Getting org.elasticsearch.common.util.concurrent.EsRejectedExecutionException

I have done setup of elasticsearch-1.4.2 and import ~150million records from mysql to elasticsearch.
Everything was working fine and suddenly after 2 days I was getting below exception,

Exception is present at http://pastebin.com/1Zmhd6UZ location.

I have only one data node and everything is running with default Elastic Search configuration.
I have written one scheduler which runs every 6 hours and insert 0.5 million records to elasticsearch.

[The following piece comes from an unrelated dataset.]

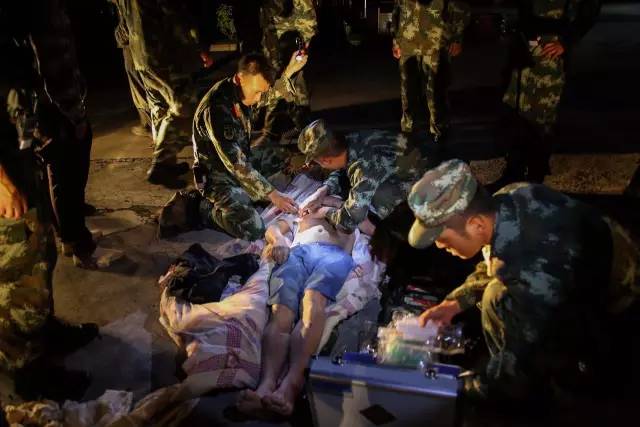 最新!九寨沟地震致19死247伤,青岛249名游客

Please suggest me how to solve this issue.

This is the way that elasticsearch tells you that you are sending data too quickly compared to what it can ingest. When you get such an exception, you should slow down the ingestion rate a bit.

Changing ingestion rates means amount of data to insert into elasticsearch?

Yes. This message means that you are sending too much data in parallel compared to what elasticsearch can handle, so you need to reduce the number of threads/workers that send data to elasticsearch, at least temporarily.

Can you please help me in below understanding,
while importing ~150 million data from mysql to elasticsearch I didn't get this error whereas during scheduler run I am getting this error.
Any specific reason for this?

If you did the indexing in similar conditions then this is a bit surprising.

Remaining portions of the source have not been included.